Task details: Only the stretch of the listing below that runs from the line with "Natural Table- Special" through the line with "Polished Carnelian Agate" is to be printed, exactly and with both ends.

Source data:
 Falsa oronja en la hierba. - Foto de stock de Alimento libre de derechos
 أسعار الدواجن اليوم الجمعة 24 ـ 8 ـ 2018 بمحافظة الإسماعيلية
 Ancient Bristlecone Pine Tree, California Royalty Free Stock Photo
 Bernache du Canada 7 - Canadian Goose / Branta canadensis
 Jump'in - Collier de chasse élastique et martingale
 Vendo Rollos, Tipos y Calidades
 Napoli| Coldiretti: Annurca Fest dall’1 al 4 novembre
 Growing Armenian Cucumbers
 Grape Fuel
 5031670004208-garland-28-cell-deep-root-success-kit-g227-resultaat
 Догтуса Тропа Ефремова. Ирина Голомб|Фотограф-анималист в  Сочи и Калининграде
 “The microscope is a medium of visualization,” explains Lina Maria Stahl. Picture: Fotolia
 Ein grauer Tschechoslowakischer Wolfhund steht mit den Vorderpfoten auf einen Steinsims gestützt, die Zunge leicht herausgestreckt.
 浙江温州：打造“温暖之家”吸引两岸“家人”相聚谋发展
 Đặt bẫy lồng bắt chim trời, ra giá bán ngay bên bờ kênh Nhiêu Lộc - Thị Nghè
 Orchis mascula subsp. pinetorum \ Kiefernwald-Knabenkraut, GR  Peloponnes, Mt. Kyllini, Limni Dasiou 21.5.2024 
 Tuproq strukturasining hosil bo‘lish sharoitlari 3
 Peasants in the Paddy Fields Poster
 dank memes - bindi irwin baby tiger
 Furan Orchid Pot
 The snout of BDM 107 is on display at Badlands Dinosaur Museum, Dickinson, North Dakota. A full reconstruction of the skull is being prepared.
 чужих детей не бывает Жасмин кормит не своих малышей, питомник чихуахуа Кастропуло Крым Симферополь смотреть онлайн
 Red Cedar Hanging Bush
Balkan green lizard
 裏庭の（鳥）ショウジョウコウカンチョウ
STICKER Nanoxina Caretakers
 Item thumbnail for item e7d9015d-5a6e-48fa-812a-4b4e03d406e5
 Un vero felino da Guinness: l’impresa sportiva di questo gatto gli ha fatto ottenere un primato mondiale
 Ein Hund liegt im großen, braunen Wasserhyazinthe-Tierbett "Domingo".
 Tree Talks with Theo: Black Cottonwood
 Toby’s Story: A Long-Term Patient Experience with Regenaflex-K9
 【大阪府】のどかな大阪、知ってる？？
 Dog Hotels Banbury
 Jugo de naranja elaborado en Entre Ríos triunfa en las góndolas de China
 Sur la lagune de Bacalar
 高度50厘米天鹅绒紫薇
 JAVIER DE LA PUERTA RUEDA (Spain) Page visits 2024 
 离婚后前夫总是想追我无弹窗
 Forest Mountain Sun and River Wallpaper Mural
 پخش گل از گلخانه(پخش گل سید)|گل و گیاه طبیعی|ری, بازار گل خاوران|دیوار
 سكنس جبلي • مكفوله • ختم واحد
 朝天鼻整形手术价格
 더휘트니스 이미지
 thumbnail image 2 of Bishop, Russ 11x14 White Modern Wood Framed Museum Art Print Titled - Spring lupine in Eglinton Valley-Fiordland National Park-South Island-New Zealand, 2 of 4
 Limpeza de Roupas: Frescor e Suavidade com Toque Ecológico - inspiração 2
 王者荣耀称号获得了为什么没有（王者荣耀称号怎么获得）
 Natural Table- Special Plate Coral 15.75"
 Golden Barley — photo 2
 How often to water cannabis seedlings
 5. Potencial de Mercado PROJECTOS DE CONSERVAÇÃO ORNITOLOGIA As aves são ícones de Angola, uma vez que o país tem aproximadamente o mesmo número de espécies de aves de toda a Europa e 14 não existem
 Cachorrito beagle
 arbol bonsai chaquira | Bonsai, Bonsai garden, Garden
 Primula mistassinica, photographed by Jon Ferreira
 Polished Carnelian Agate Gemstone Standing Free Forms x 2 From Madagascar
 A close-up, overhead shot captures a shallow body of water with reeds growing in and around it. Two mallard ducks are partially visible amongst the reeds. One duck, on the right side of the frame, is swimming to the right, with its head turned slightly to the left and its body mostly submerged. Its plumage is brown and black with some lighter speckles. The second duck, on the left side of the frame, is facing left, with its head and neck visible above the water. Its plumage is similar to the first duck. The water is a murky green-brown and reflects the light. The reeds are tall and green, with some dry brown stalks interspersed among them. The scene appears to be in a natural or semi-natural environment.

Task output:
 Natural Table- Special Plate Coral 15.75"
 Golden Barley — photo 2
 How often to water cannabis seedlings
 5. Potencial de Mercado PROJECTOS DE CONSERVAÇÃO ORNITOLOGIA As aves são ícones de Angola, uma vez que o país tem aproximadamente o mesmo número de espécies de aves de toda a Europa e 14 não existem
 Cachorrito beagle
 arbol bonsai chaquira | Bonsai, Bonsai garden, Garden
 Primula mistassinica, photographed by Jon Ferreira
 Polished Carnelian Agate Gemstone Standing Free Forms x 2 From Madagascar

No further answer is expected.